La loi est-elle un frein immédiat ? Pas forcément.
Si la stratégie nationale présente la future loi sur la numérisation comme un pilier fondamental, il est utile de rappeler que son absence à ce stade ne bloque pas, à elle seule, la mise en œuvre de la transformation numérique.
En effet, plusieurs chantiers peuvent avancer en parallèle grâce à des textes réglementaires existants, ou par décret sectoriel, comme ce fut le cas pour le passeport biométrique, le casier judiciaire en ligne ou la carte e-Chifa. L’administration dispose d’une marge de manœuvre pour expérimenter, structurer et mutualiser certains outils sans attendre un cadre unifié.
De plus, d’autres obstacles plus pressants subsistent, même avec une loi :
des systèmes informatiques ministériels encore incompatibles,
des infrastructures numériques inégalement déployées,
une culture administrative peu familière avec les logiques d’interopérabilité et de dématérialisation,
et surtout, un déficit de compétences numériques dans de nombreux services.
Dans ce contexte, la priorité pourrait être de stabiliser les conditions d’application, former les cadres, tester des plateformes d’échange de données, avant d’enchâsser ces dispositifs dans un texte général.
Autrement dit, la loi sera décisive pour structurer durablement le numérique en Algérie, mais elle n’est pas en elle-même une urgence bloquante. Ce qui compte aujourd’hui, c’est d’assurer que les outils, les équipes et les infrastructures soient prêts à l’appliquer — efficacement, et sur tout le territoire.

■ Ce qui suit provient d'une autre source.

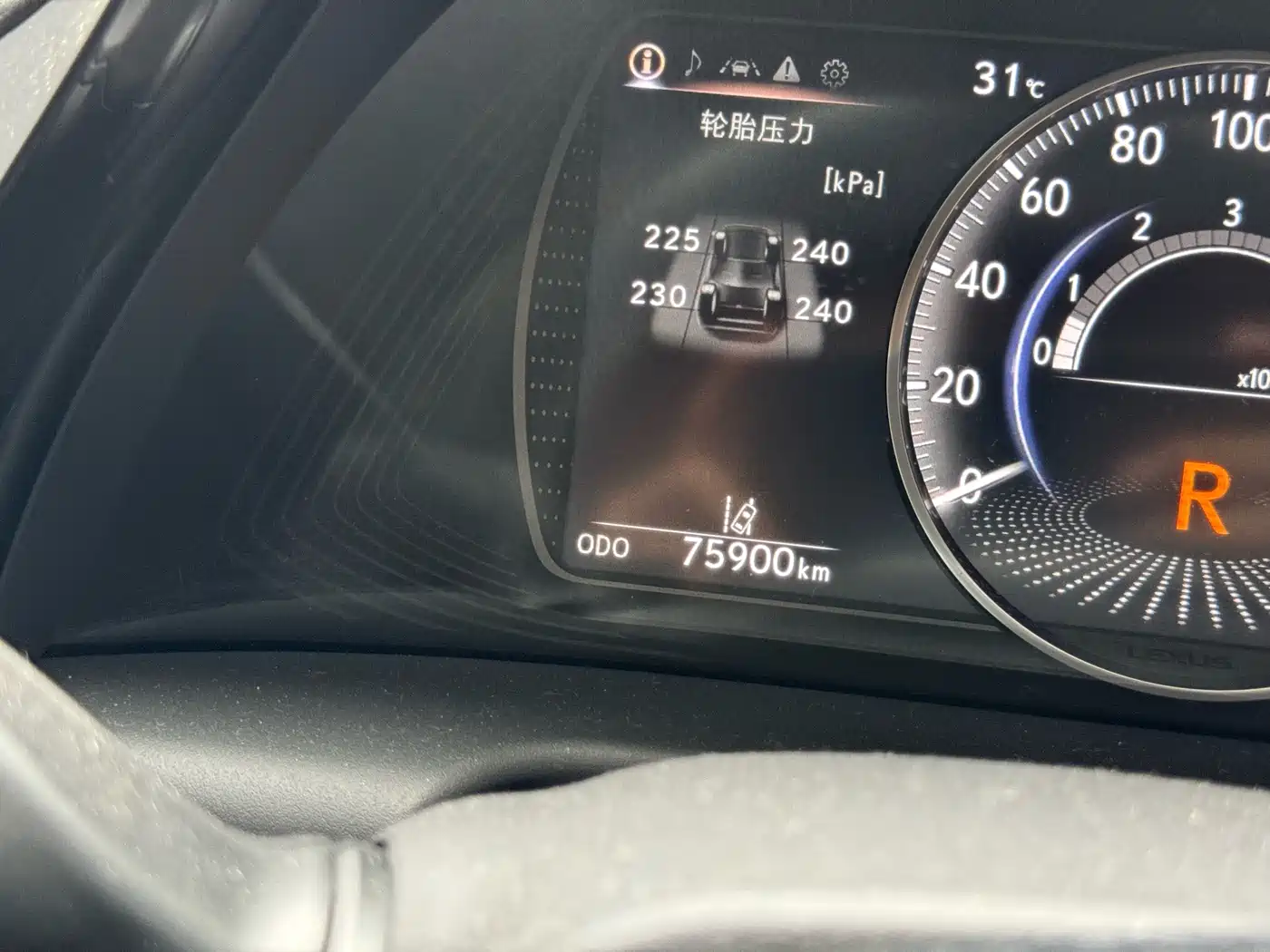 Фото 9 - Lexus ES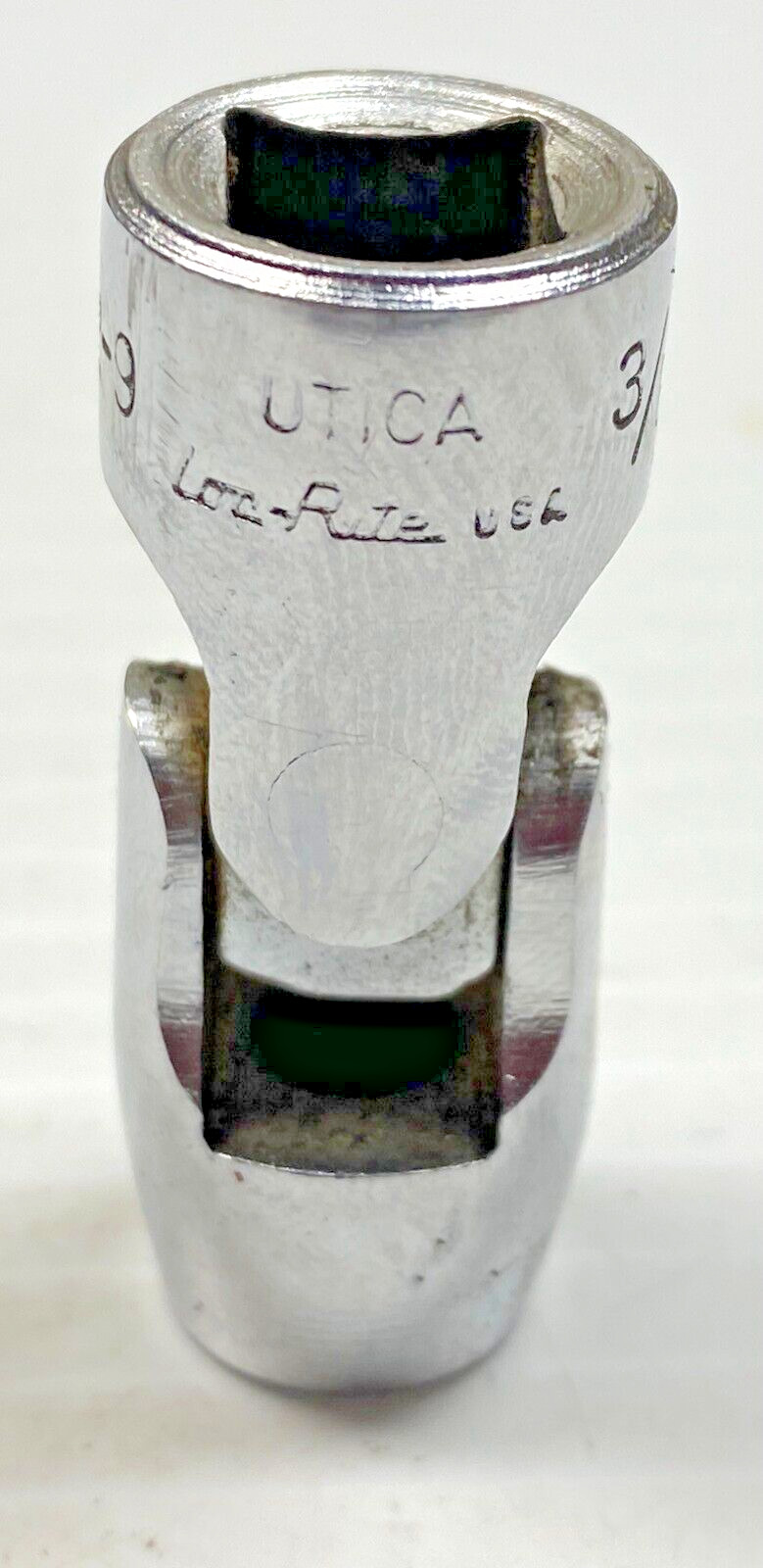 Vintage UTICA TOOLS 33212-9 – 3/8″ Universal Swivel Socket 3/8″ Drive 12 PT USA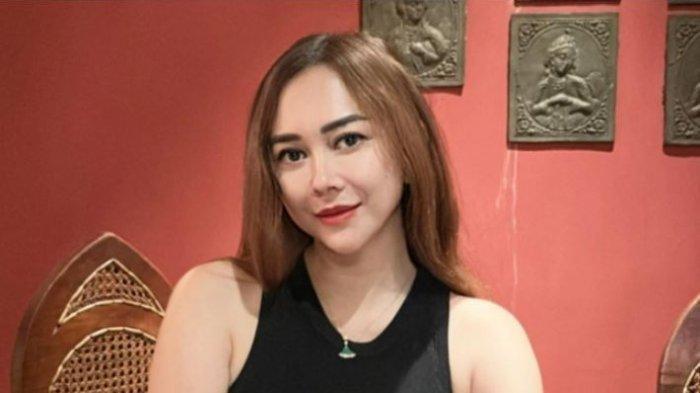 Aktris sekaligus penyanyi Aura Kasih mengaku tidak mudah menjadi single mom atau ibu tunggal setelah resmi bercerai dari Eryck Amaral pada 2021 silam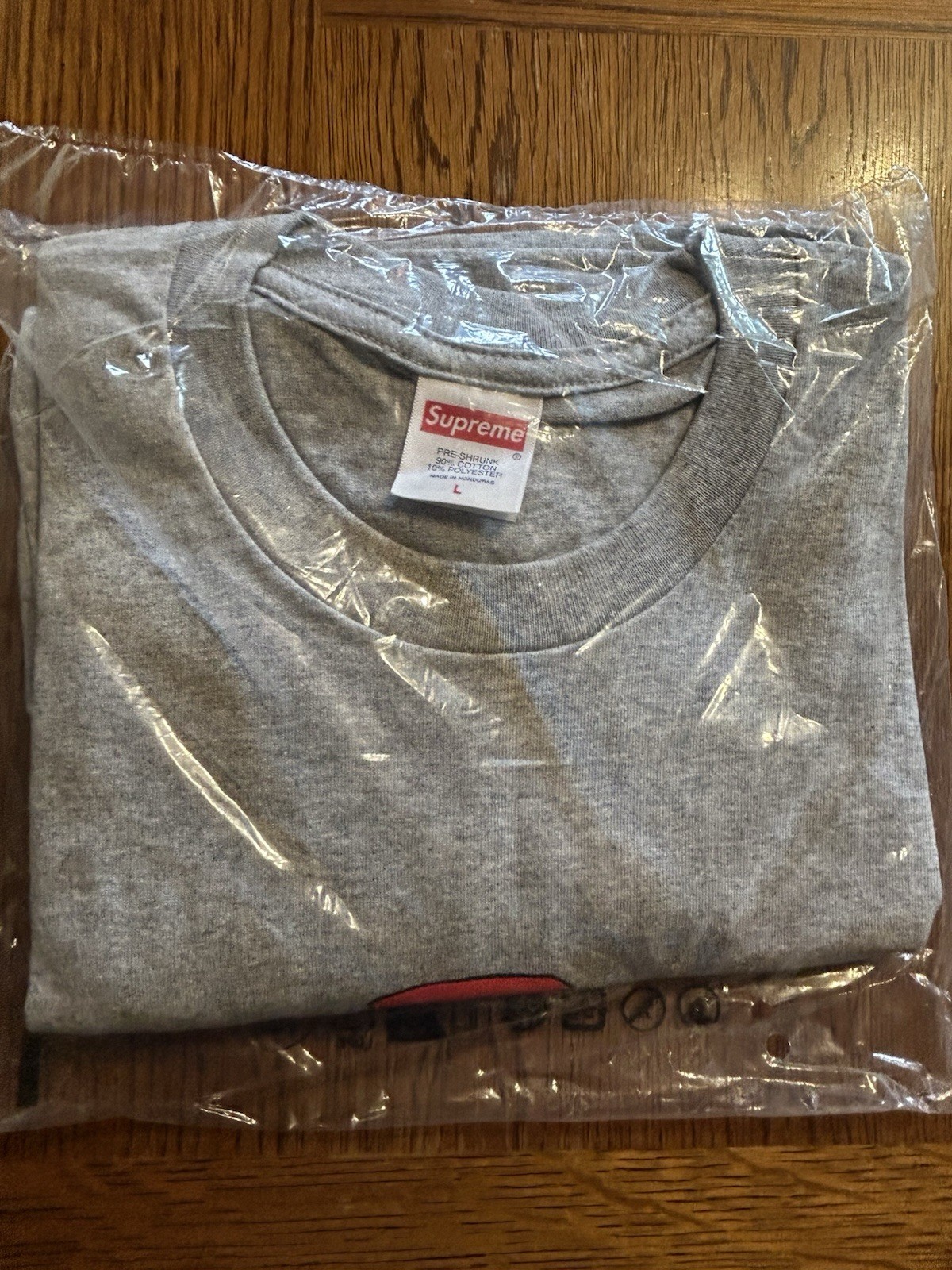 Supreme The Grinch T Shirt Size Large (Gray) 100% Authentic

Pour une communication claire et un débat ouvert
En consequence… cette situation ne remet pas en cause la solidité de la vision portée par la stratégie 2030, ni la mobilisation des acteurs publics autour de ses grands axes, Ni surtout les realisations deja opérationnelles. Mais elle souligne la nécessité d’une communication plus régulière et plus transparente pour expliquer les éventuels ajustements, retards ou réorientations.
À ce titre, les experts du secteur numérique, les juristes, les ingénieurs et les entrepreneurs ont un rôle essentiel à jouer. Leur contribution, leurs analyses et leurs retours d’expérience pourraient aider à identifier les freins techniques ou administratifs, enrichir le débat public, et contribuer à faire de ce projet une réussite collective.
Nous lançons donc un appel à tous ceux qui s’intéressent au devenir numérique de l’Algérie : chercheurs, praticiens, innovateurs — partagez vos réflexions, proposez vos idées, commentez cette dynamique. Car le numérique ne peut réussir que s’il est ouvert à l’intelligence collective.